Mais voilà, l’amendement 2992 de la loi Macron envisage de remettre en cause ses sacro-saintes fêtes, comme le souligne le Parisien. Il indique que, dans les départements d’outre-mer, «afin de tenir compte des spécificités culturelles, religieuses et historiques, un arrêté préfectoral peut remplacer des jours fériés – le lundi de Pâques, l’Ascension, le lundi de Pentecôte, l’Assomption, la Toussaint – par un même nombre de jours fériés locaux.» Le rapporteur de la loi a souligné que les fêtes religieuses en France donnaient «un statut légal» uniquement à des fêtes chrétiennes. Eric Ciotti qualifie ce dispositif de «scandale institutionnel» qui remet en cause «l’identité et la culture de notre pays».
En attendant, Libération a pris les devants pour savoir à quoi ressemblerait notre calendrier si on changeait les dates des jours fériés.
SI ON CHOISISSAIT D’AUTRES FÊTES RELIGIEUSES
C’est la députée PS de la Réunion, Ericka Bareigts qui est à l’origine de cet amendement. Une façon de reprendre une des propositions d’Eva Joly. Pendant la campagne de l’élection présidentielle, la candidate écologiste avait proposé de rendre fériées les fêtes de l’Aïd et de Yom Kippour, provoquant une polémique jusque dans son camp.
Yom Kippour, aussi appelé le «jour du Grand Pardon» ou «jour des Expiations», est la fête la plus importante du calendrier hébraïque. Les fidèles juifs sont invités à réparer les fautes commises envers Dieu et envers leurs prochains. C’est un jour marqué par le jeûne. Cette journée rappelle la faute du veau d’or.
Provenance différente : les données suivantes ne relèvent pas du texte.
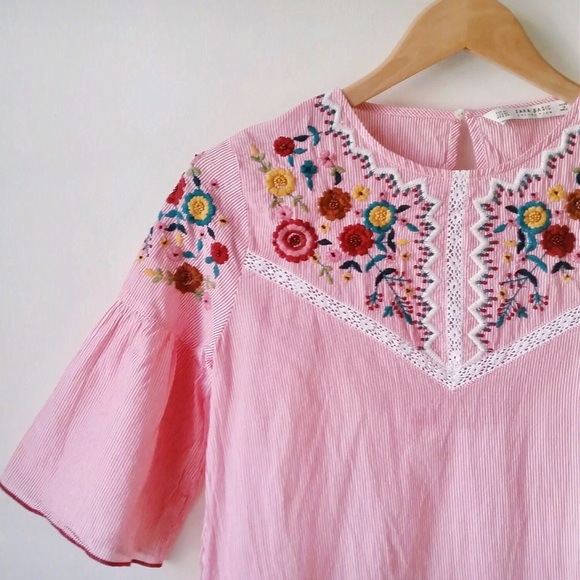 Zara Dresses & Skirts - ZARA — Embroidered Dress, XS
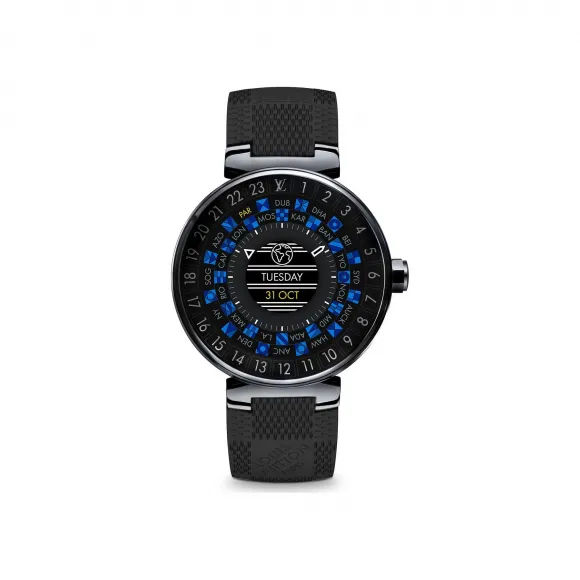 Louis Vuitton TAMBOUR HORIZON BLACK 42 QAAA25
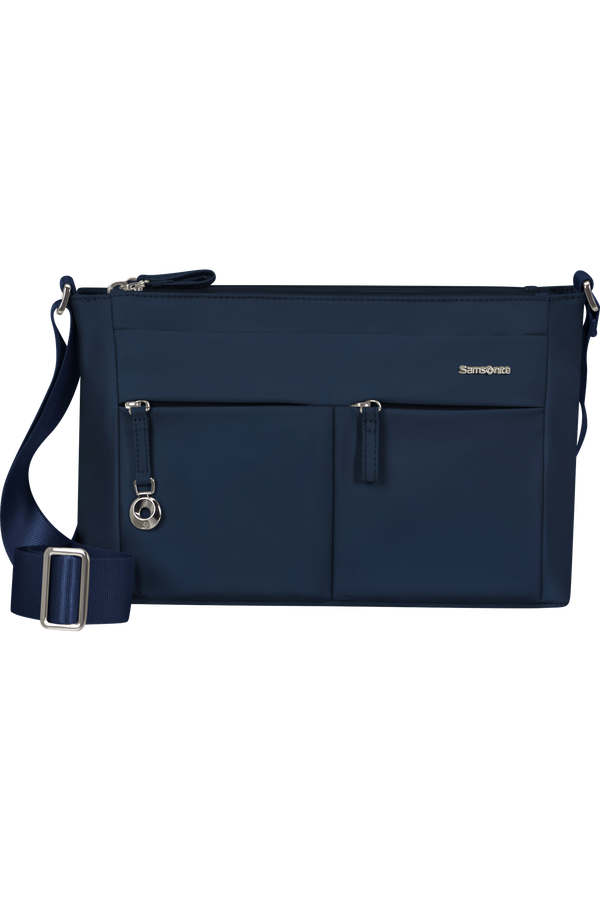 Samsonite Move 5.0 Horiz. Shoulder Bag + Flap  Bleu foncé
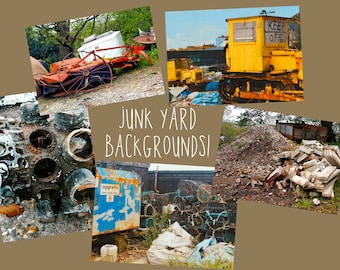 Junkyard Printable Backgrounds: 3D Magnetic Board Scenes (A4 PDF)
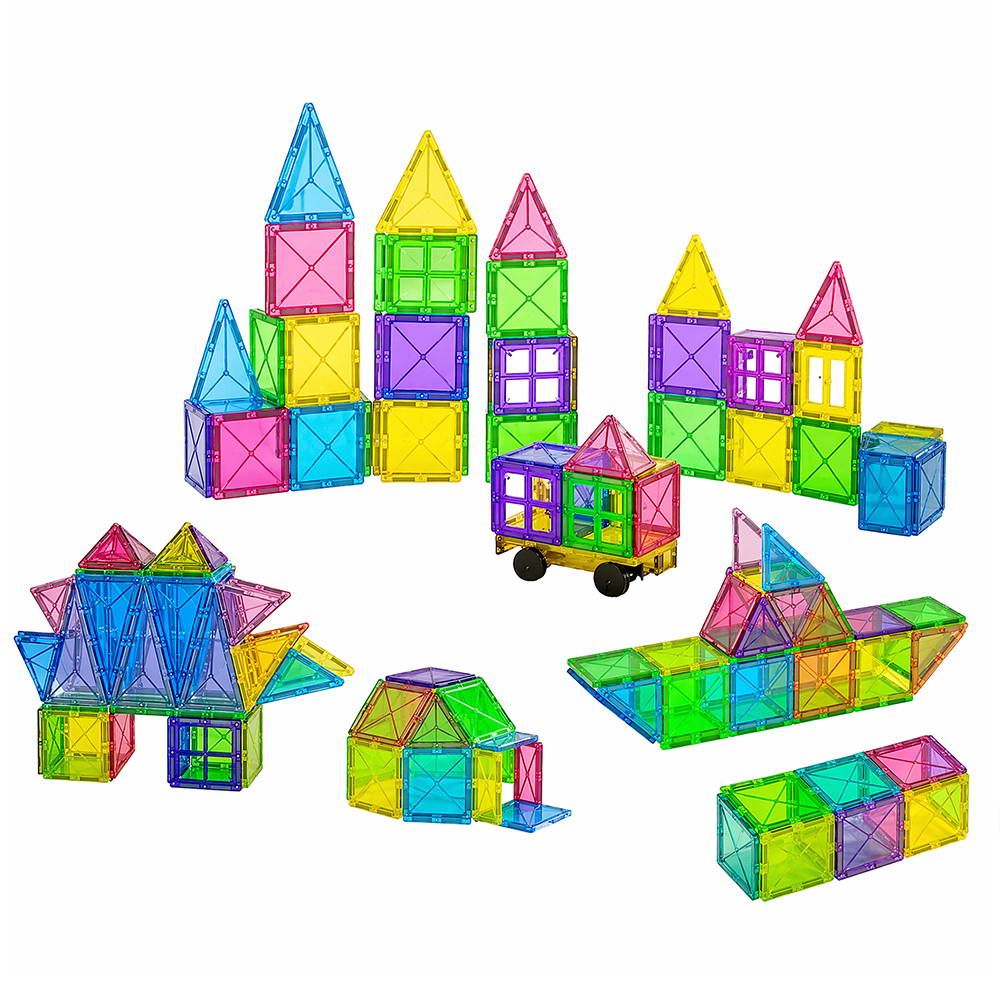 Keezi 120PCS Magnetic Tiles STEM Building Set for Kids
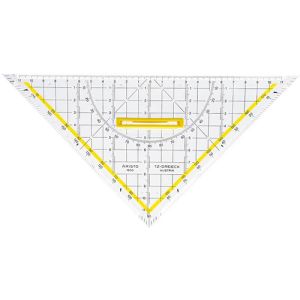 Aristo geo-trikotnik z držalom, 25cm | MEGAtoner.si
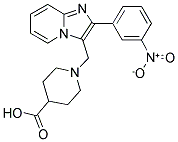 1-[2-(3-NITRO-PHENYL)-IMIDAZO[1,2-A]PYRIDIN-3-YLMETHYL]-PIPERIDINE-4-CARBOXYLIC ACID Struktur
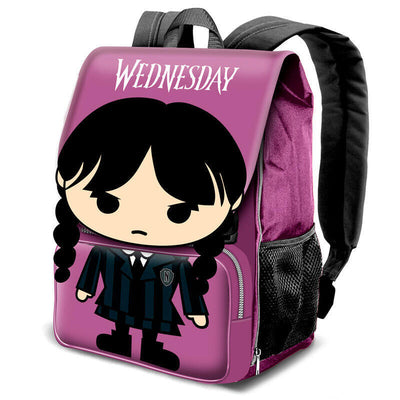 Backpack Solapa Chibi Miercoles 45CM — image 1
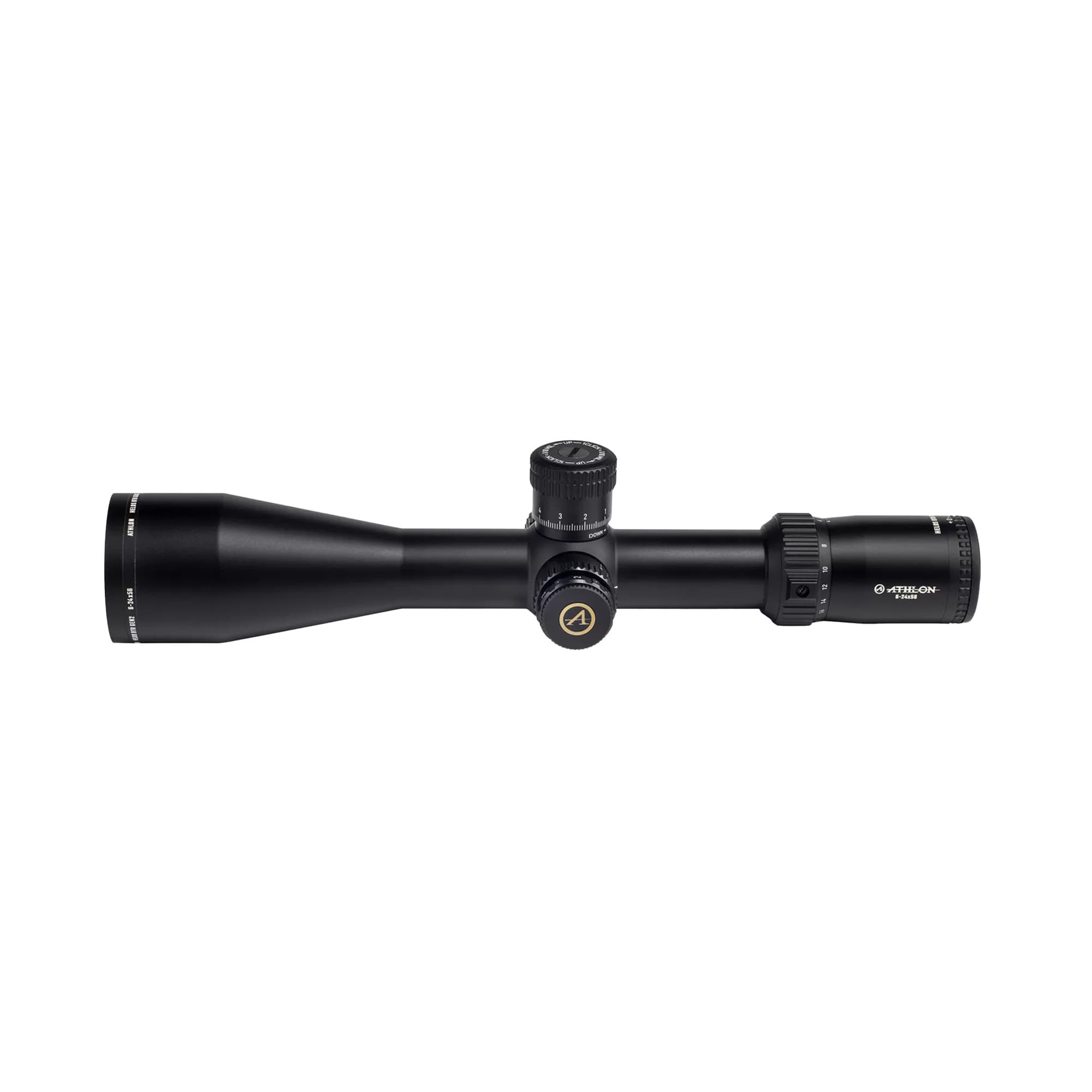 Athlon Optics Helos BTR Gen2 34mm 6-24x56 FFP Illuminated APRS6 MOA Side Parallax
Après avoir quitté l’Egypte, Moïse se rend sur le mont Sinaï pour recevoir les Tables de la Loi. Pendant ce temps, le peuple hébreu se détourne de Dieu pour adorer une statue en or en forme de veau. Yom Kippour sera célébrée le 22 et 23 septembre 2015.
L’Aïd al-Fitr est la fête musulmane marquant la rupture du jeûne du mois de Ramadan. Les musulmans se rassemblent alors pour faire des prières rituelles festives. Des mets et des boissons sont servis dans les mosquées et dans les maisons. Les enfants reçoivent des sucreries, ce qui explique l’autre nom de l’Aïd : la «fête du sucre». Cette année, elle sera célébrée le 18 juillet.
La fête de la Réformation, fêtée le 31 octobre, commémore un acte traditionnellement considéré comme fondateur du protestantisme. En 1517, le moine Martin Luther affiche, sur les portes de la chapelle du château de Wittenberg en Saxe (Allemagne), ses thèses contre les indulgences.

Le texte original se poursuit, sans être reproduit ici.